少し昔、僕が、社会保険労務士試験の受験勉強をしていたとき、労働社会保険諸法令(社会保険労務士法2条1項)に含まれる法律で、「次世代育成支援対策推進法」(平成15年法律第120号)という名称の法律があることを知り、誤植ではないかと感じ、その名称に強い違和感を覚えたことがありました。どう考えても、「次世代育成支援策推進法」とすべきところ、誤って「対」の字が紛れ込んだとしか、思えなかったからです。
言葉から受ける感じ、語感は、個人によりそれぞれであり、同一ではありませんが、僕の言語感覚では、どう考えても、「子育て支援」という言葉と「対策」という言葉は、結び付きません。インフルエンザ対策、花粉症対策、津波対策などなど。対策を講じなければならない深刻な事態が発生したので、それに対処していくということでしょう。
かなり昔、王貞治福岡ソフトバンクホークス会長が現役のころ、(強打者である)王選手対策という意味で、「王シフト」という言葉がありました。
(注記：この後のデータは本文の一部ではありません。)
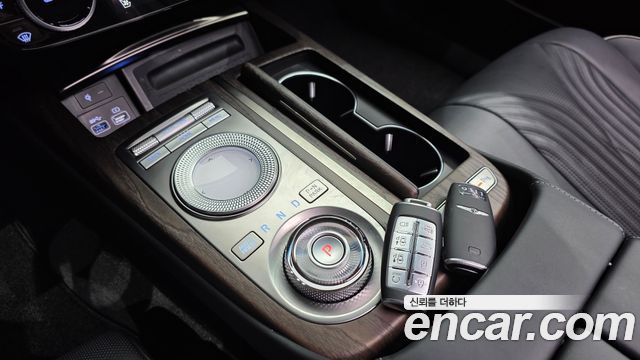 Genesis G80 2022 — photo 12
これは、王選手が打席に立ったときに、相手チームの選手が、王選手の打球の傾向を勘案した守備位置に付くことを、指します。
「以前と比べ、子育てに困窮する人が増えているので、地方公共団体や事業主が支援する体制を整えて参りますので、ひとつ宜しくお願いします」と仰りたいのは、重々承知して居ります。が、「子育て支援対策」と言ってしまえば、支援を受ける側である子育て困窮者は、どう感じるでしょうか。行政が中心になって対策を講じなければならない深刻な事態を発生させた私達は、(球界一の強打者であるが故に、王選手が相手チームにとって「厄介者」であったように)社会の厄介者なのか。そう感じるのではないでしょうか。
あれっ、出掛ける準備をしなければならない時刻になってきました。介護予防、ゲートキーパー、パラリンピックという語についても、申し上げたいことは、ほぼ「上に同じ」です。「オチは無いんかい」という声が聞こえてきそうですが、ここで失礼します。